Records contained in a dataset
***

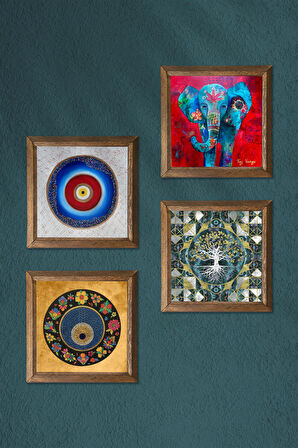 Hayat Ağacı, Fil, Nazar Taş Duvar Tablosu Ahşap Çerçeveli Duvar Dekoru 4 Parça Tablo Seti Wall Art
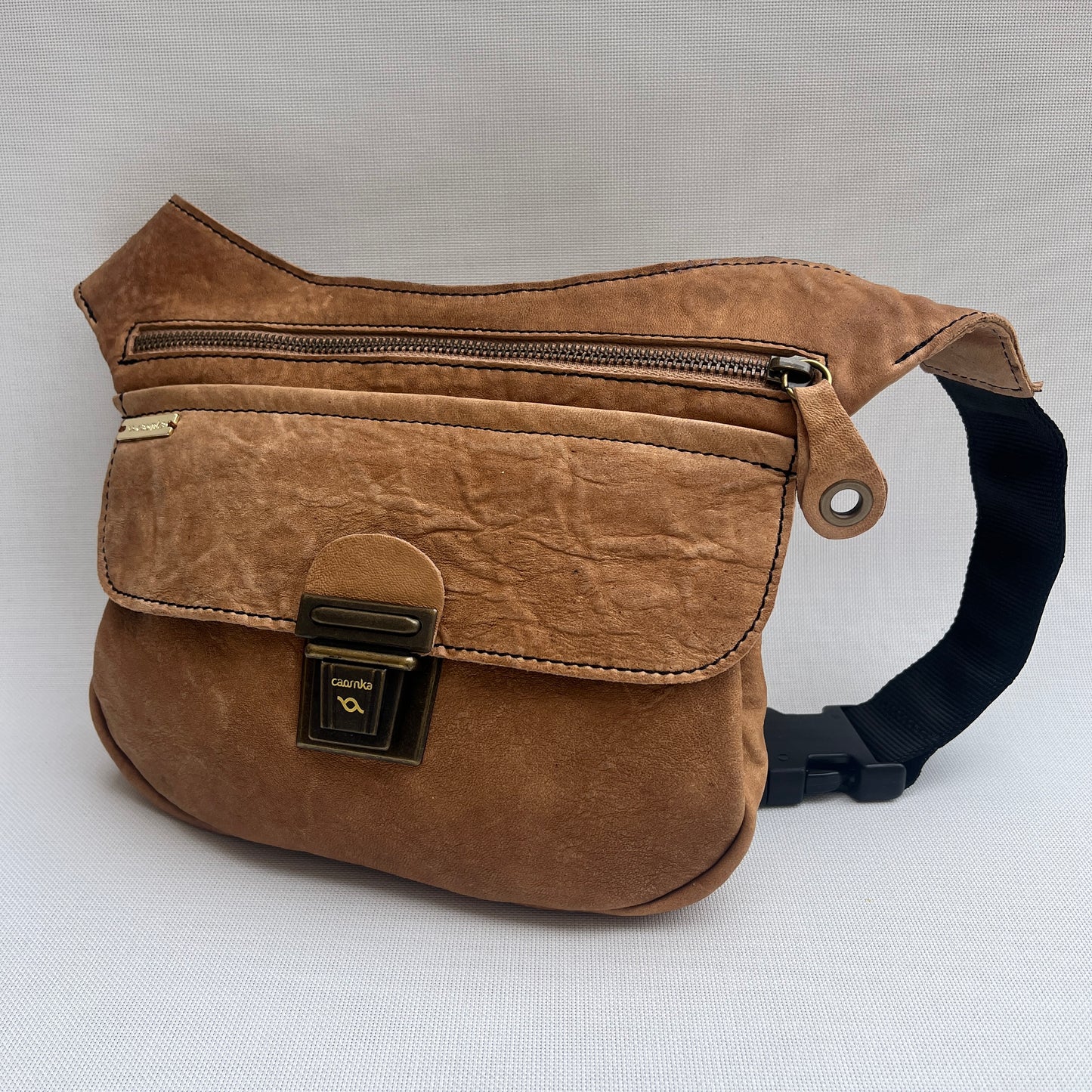 Classic Turquoise &amp; Old Gold BioCuir® Natural Leather Exclusive Piece No. 12880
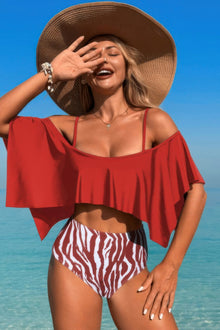 Amaterasu Ruffle Top High Waisted Bottom Tankini Swimsuit — thumbnail 6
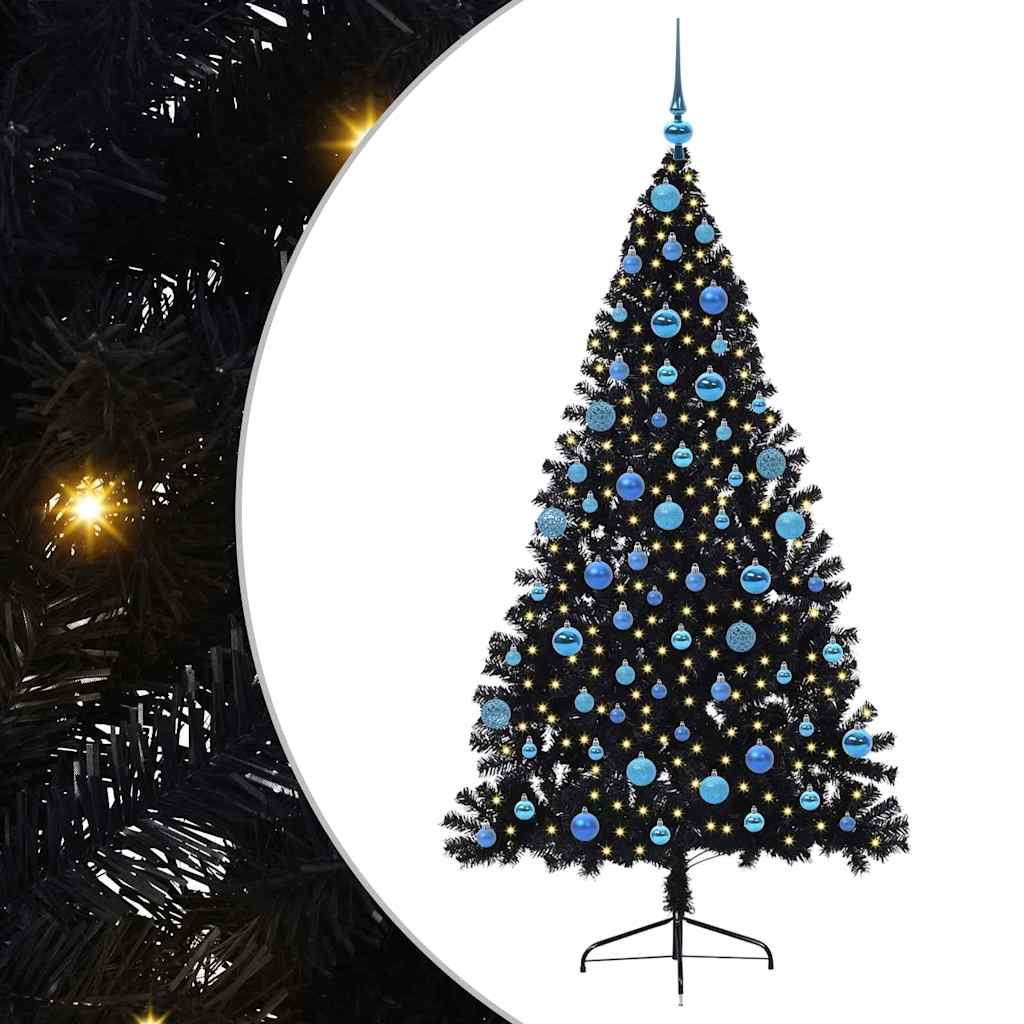 Künstlicher vorbeleuchteter Weihnachtsbaum Schwarz 180 cm PVC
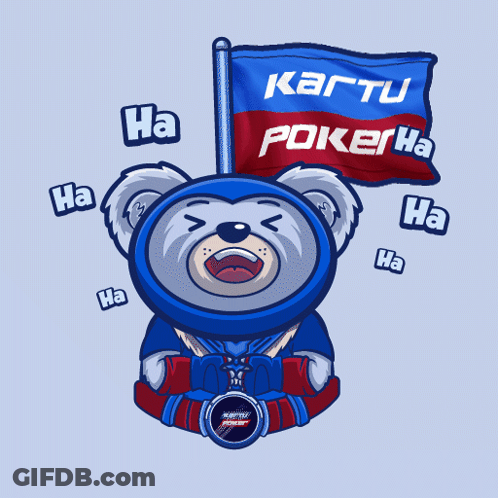 Teddy Bear Holding Kartu Poker Flag GIF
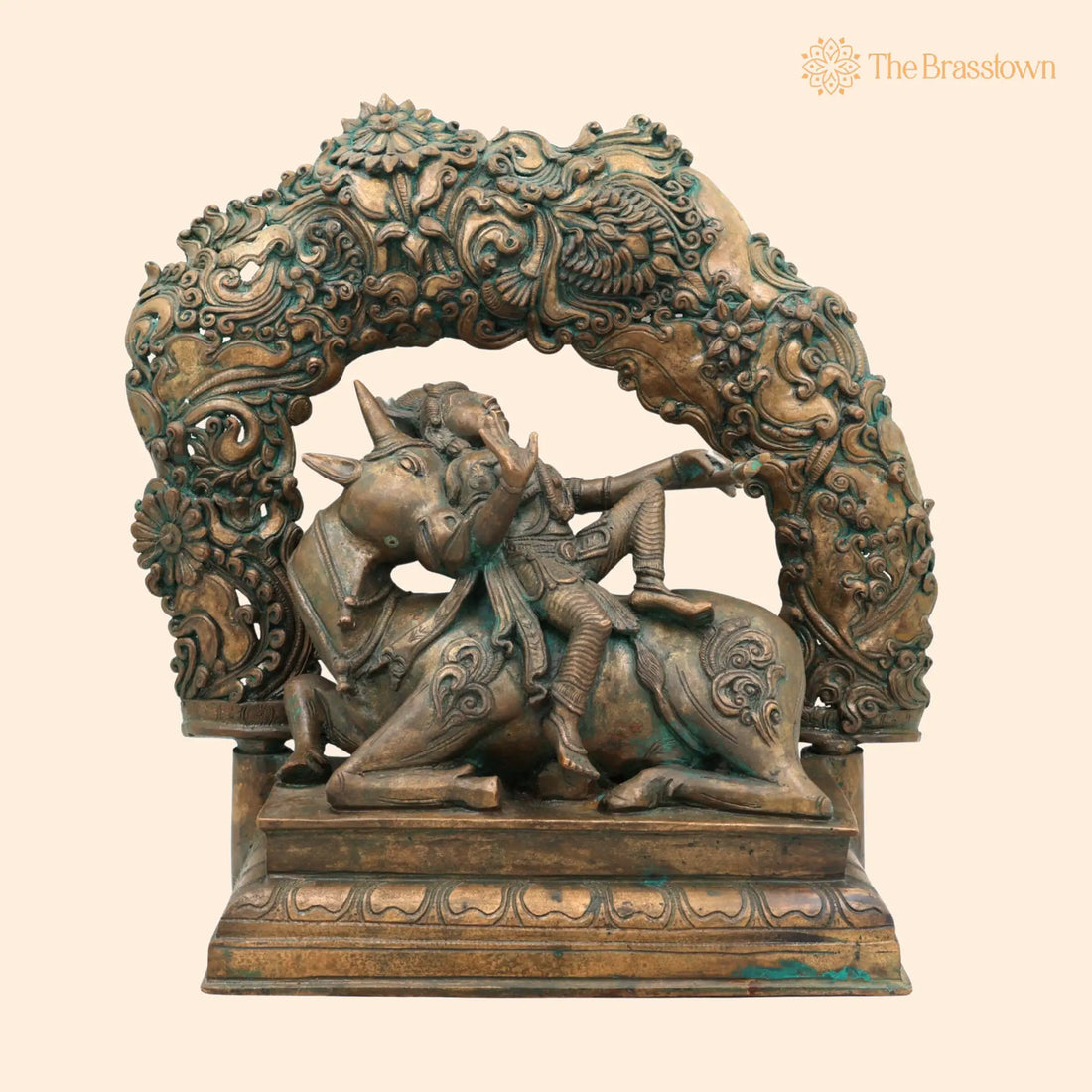 Bronze Krishna Sitting on Cow Idol – Handmade Gopal Ji Statue for Pooja, Temple, Office, Home Décor, Panchaloha Sculpture 13 Inch 1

***

WHAT THE EXERCISE ASKS:
Where a picture appears, skip it and copy the rest of the data word for word.

WRITTEN RESPONSE:
 Hayat Ağacı, Fil, Nazar Taş Duvar Tablosu Ahşap Çerçeveli Duvar Dekoru 4 Parça Tablo Seti Wall Art
 Classic Turquoise &amp; Old Gold BioCuir® Natural Leather Exclusive Piece No. 12880
 Amaterasu Ruffle Top High Waisted Bottom Tankini Swimsuit — thumbnail 6
 Künstlicher vorbeleuchteter Weihnachtsbaum Schwarz 180 cm PVC
 Teddy Bear Holding Kartu Poker Flag GIF
 Bronze Krishna Sitting on Cow Idol – Handmade Gopal Ji Statue for Pooja, Temple, Office, Home Décor, Panchaloha Sculpture 13 Inch 1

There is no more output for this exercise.